Parmi les manifestants, Anis ben Fraj et les militants du Front populaire (coalition d’opposition de partis de gauche) se savent impuissants : «Ça va partir», annonce le professeur de français. Il n’est même pas 16 h 30, ça part. Un homme s’avance devant les policiers, la veste ostensiblement ouverte pour montrer qu’il n’est pas armé, mais son regard, lui, n’est que provocation. Les cailloux voltigent dans l’air. Les premières grenades lacrymogènes sont dégoupillées. La tâche des policiers : empêcher que les différents groupes de manifestants,
éparpillés en ville ne se rassemblent. Pour cela, ils n’hésitent pas à lancer à toute vitesse une camionnette aux vitres grillagées avant de la faire piler devant les manifestants. «Comment croire à la version de l’asthme après ça ?» crie un manifestant aux journalistes. Ironiquement, la scène se déroule à l’entrée du rond-point du Martyrde-l’Intifada-pour-la-liberté-et-ladignité-nationale (Liberté et dignité étaient les mots d’ordre de la révolution de 2011). Trois femmes, la cinquantaine, aux voiles bleu, jaune et rose sont surprises par les affrontements. Elles trouvent refuge, en même temps qu’un groupe de manifestants, dans une station d’essence. Les policiers se rapprochent.

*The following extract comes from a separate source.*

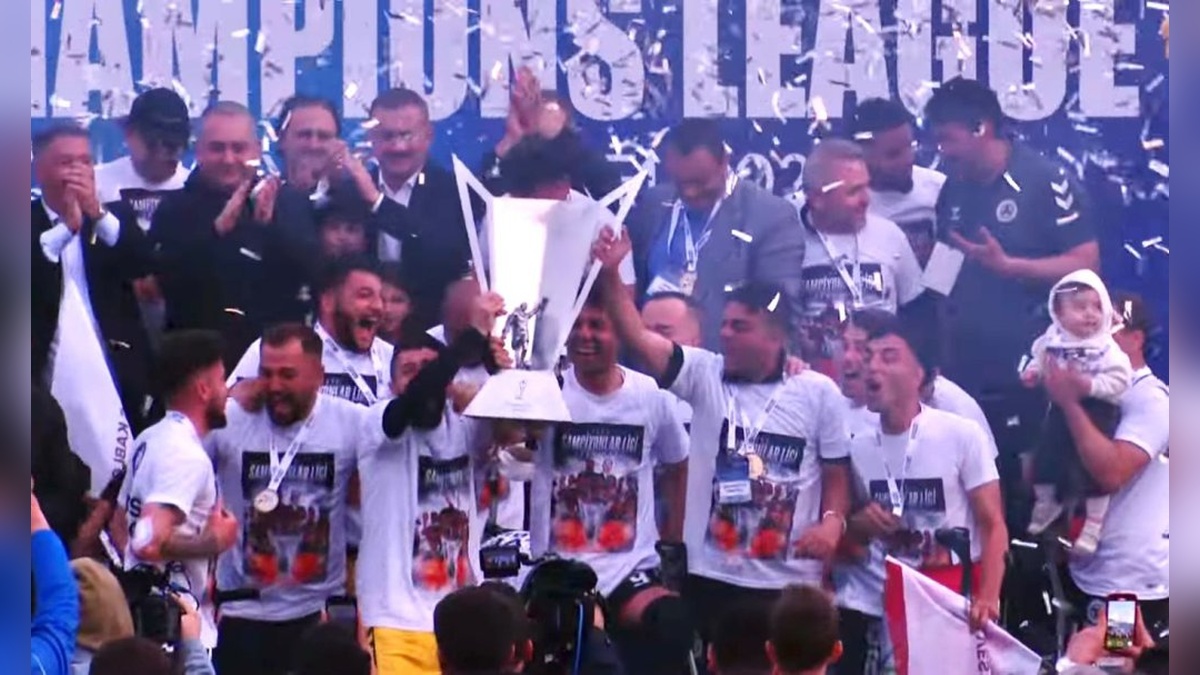 Alves Kablo, Ampute Futbol Şampiyonlar Ligi'nde şampiyon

«LES BOURGEOIS SE REPOSENT»
«Les pauvres tapent sur les pauvres pendant que les bourgeois se reposent tranquillement à la Marsa [une banlieue chic au nord de Tunis]», commente, amer, un militant de gauche. Finalement, les policiers prennent le dessus sans plus de violence. Ils sont à cran mais pas question d’un autre dérapage à Tebourba. Pour passer leurs nerfs, ils renvoient les cailloux sur les manifestants qui, tandis que le soleil se couche, se font plus masculins, jeunes et déterminés à en découdre. Des camions munis de canons à eau arrivent à Tebourba dans la soirée. Une première selon plusieurs habitants.